Instructions for the task:
Copy each line of the data below exactly, leaving out pictures.

○ ○ ○ ○

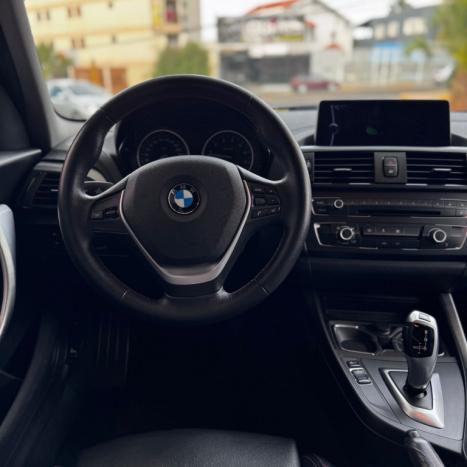 BMW 118I 1.6 16V TURBO AUTOMTICO, Foto 13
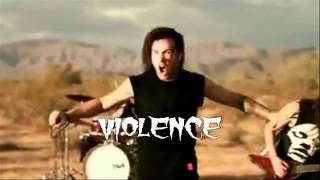 Impending Doom There Will Be Violence with Lyrics HD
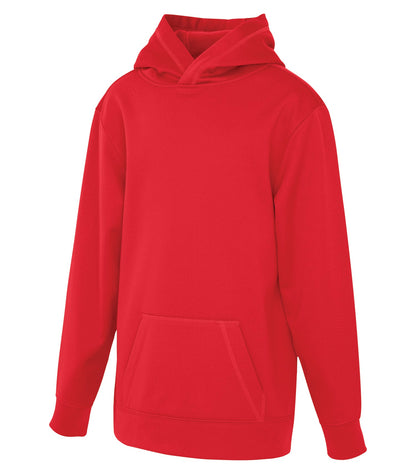 True Red-model Image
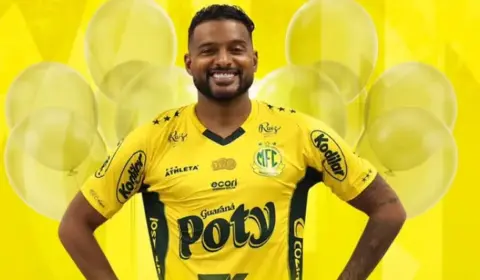 Reinaldo vive seu Brasileirão mais goleador e alerta sobre o Corinthians: “Muito fortes em casa”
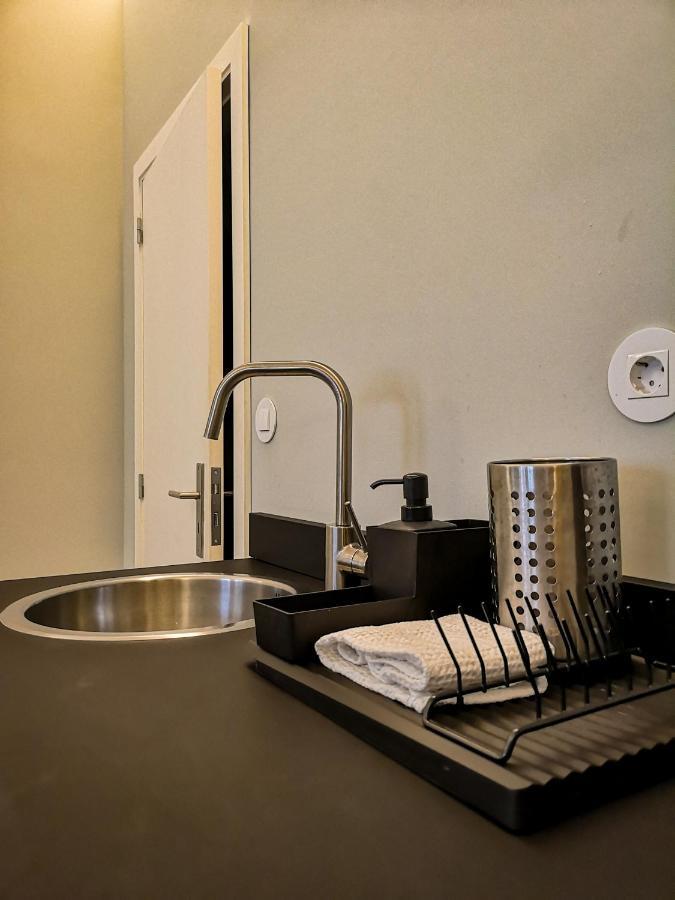 Baixa24 •P1R• Brand New Apt In The Historic Center Porto Eksteriør bilde
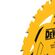 DeWalt 丸鋸ブレード (DWA281424)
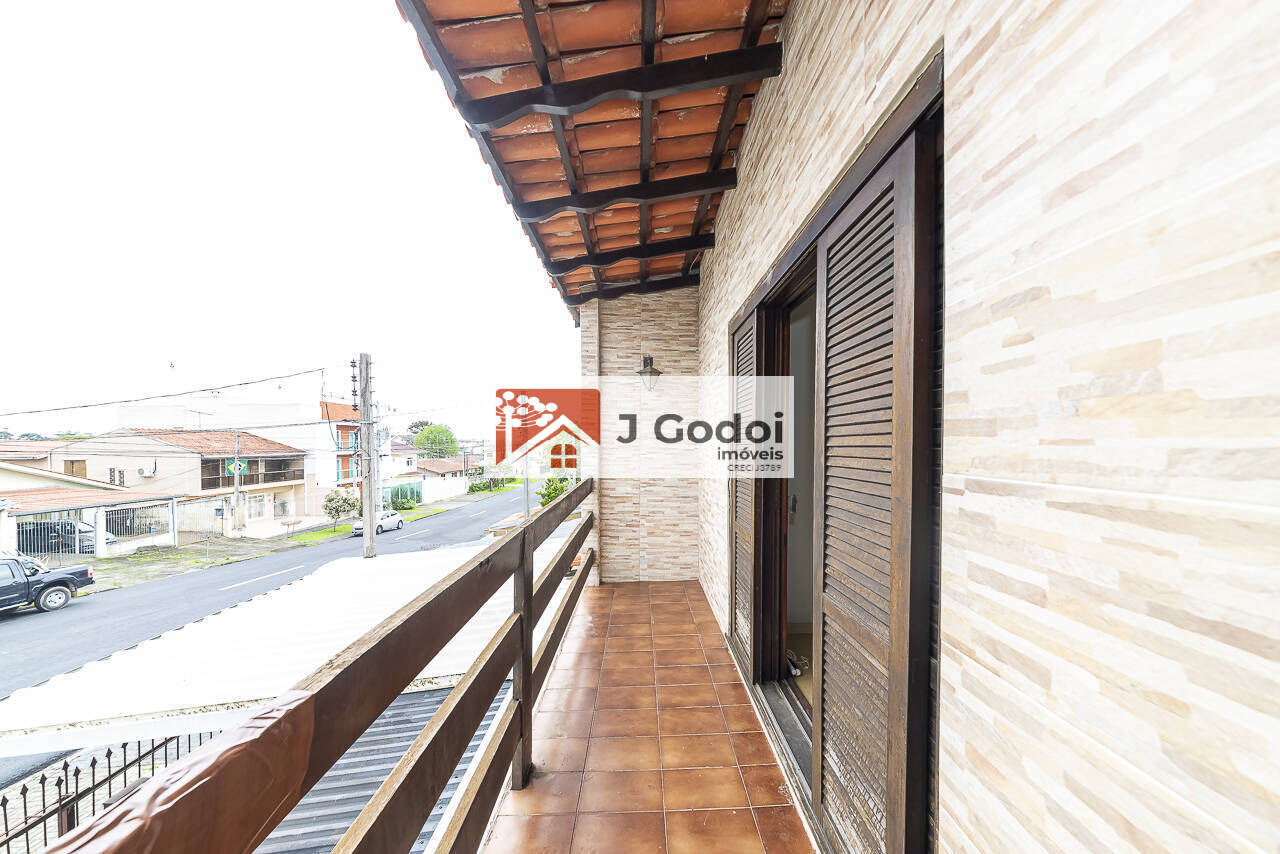 Sobrado à venda com 3 quartos, 160m² - Foto 38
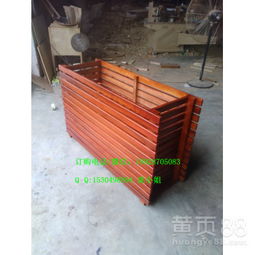 定制匠艺 从花箱到景观的心灵手作指南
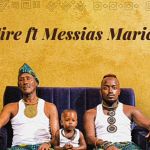 Fire Feat Messiah Maricoa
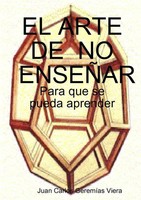 El Arte De No EnseÑAr | Juan Carlos GeremíAs Viera | Taschenbuch | Spanisch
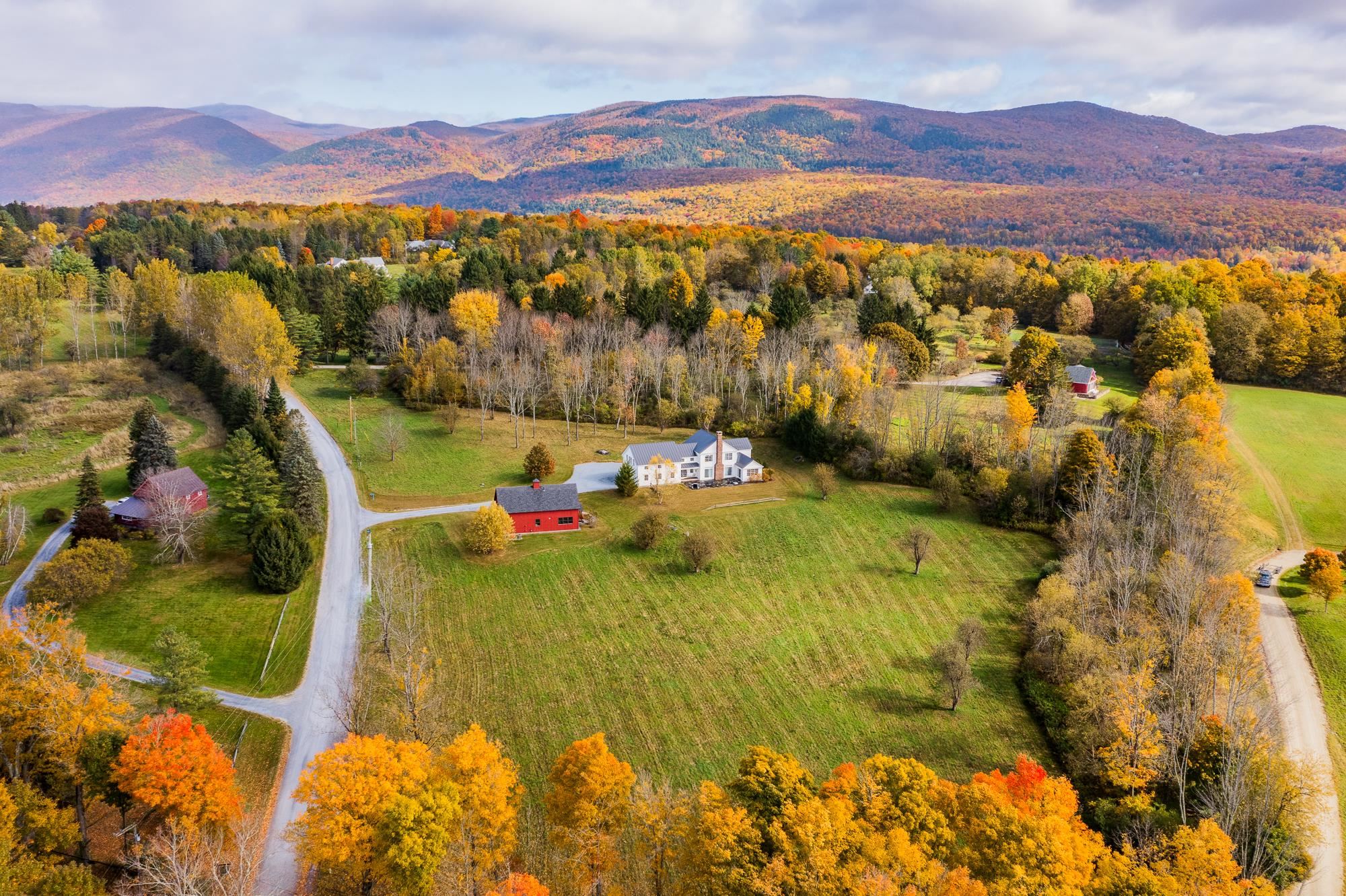 743 Green Peak Orchard Road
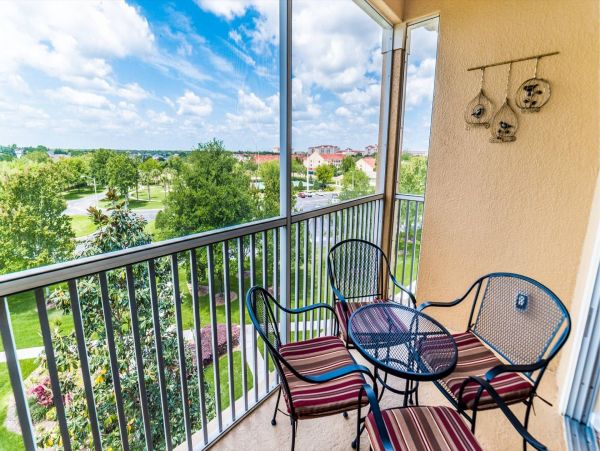 Orlando Condo 976530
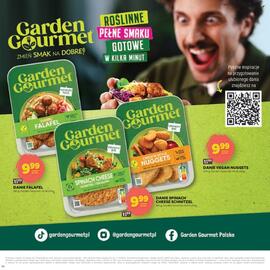 Stokrotka Market gazetka Strona 26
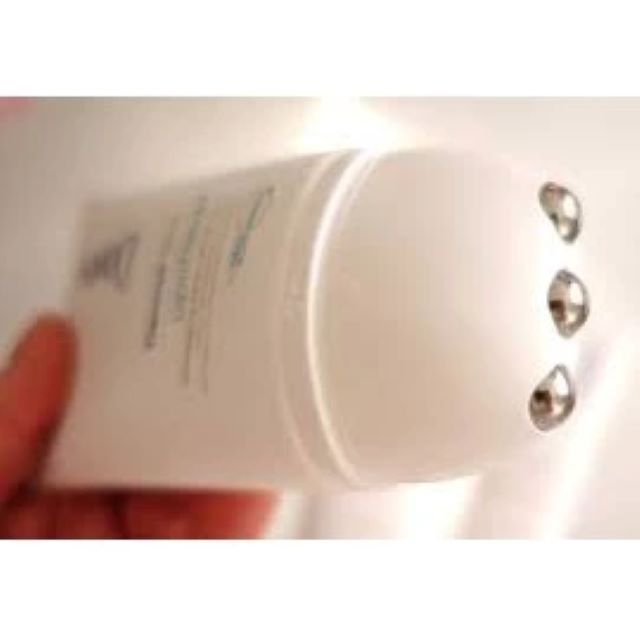 Derma Spa Uplifted Gel Body Massage Roll-on Dove 100ml [3]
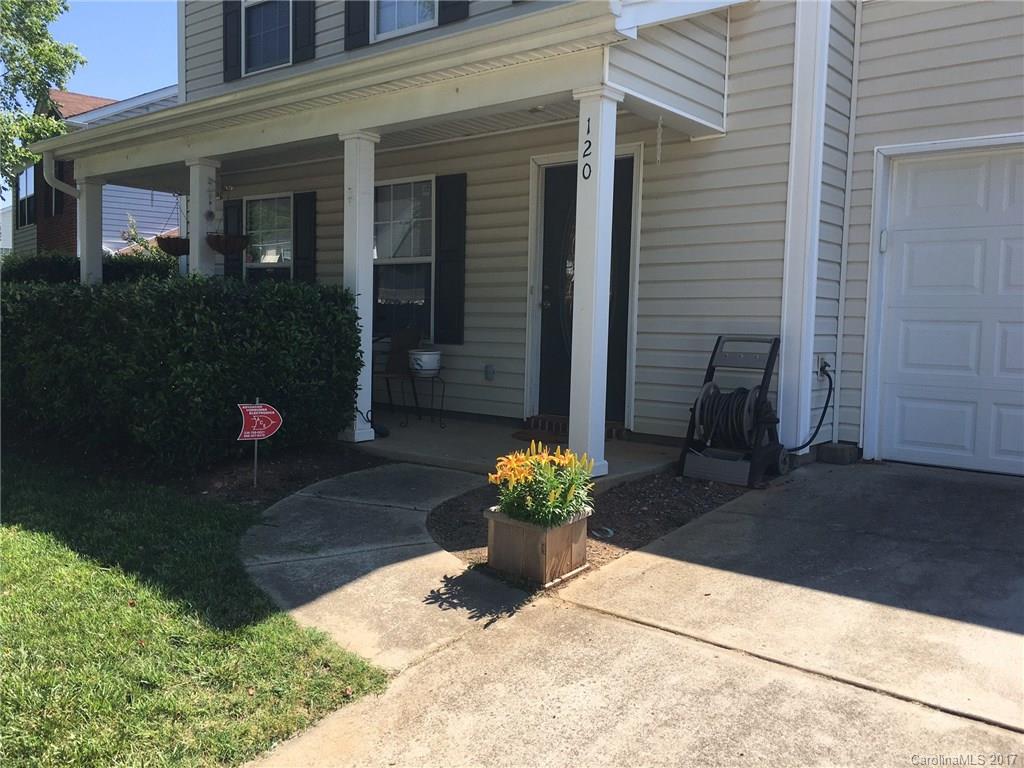 Brantley Place - Residential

○ ○ ○ ○

Reply:
 BMW 118I 1.6 16V TURBO AUTOMTICO, Foto 13
 Impending Doom There Will Be Violence with Lyrics HD
 True Red-model Image
 Reinaldo vive seu Brasileirão mais goleador e alerta sobre o Corinthians: “Muito fortes em casa”
 Baixa24 •P1R• Brand New Apt In The Historic Center Porto Eksteriør bilde
 DeWalt 丸鋸ブレード (DWA281424)
 Sobrado à venda com 3 quartos, 160m² - Foto 38
 定制匠艺 从花箱到景观的心灵手作指南
 Fire Feat Messiah Maricoa
 El Arte De No EnseÑAr | Juan Carlos GeremíAs Viera | Taschenbuch | Spanisch
 743 Green Peak Orchard Road
 Orlando Condo 976530
 Stokrotka Market gazetka Strona 26
 Derma Spa Uplifted Gel Body Massage Roll-on Dove 100ml [3]
 Brantley Place - Residential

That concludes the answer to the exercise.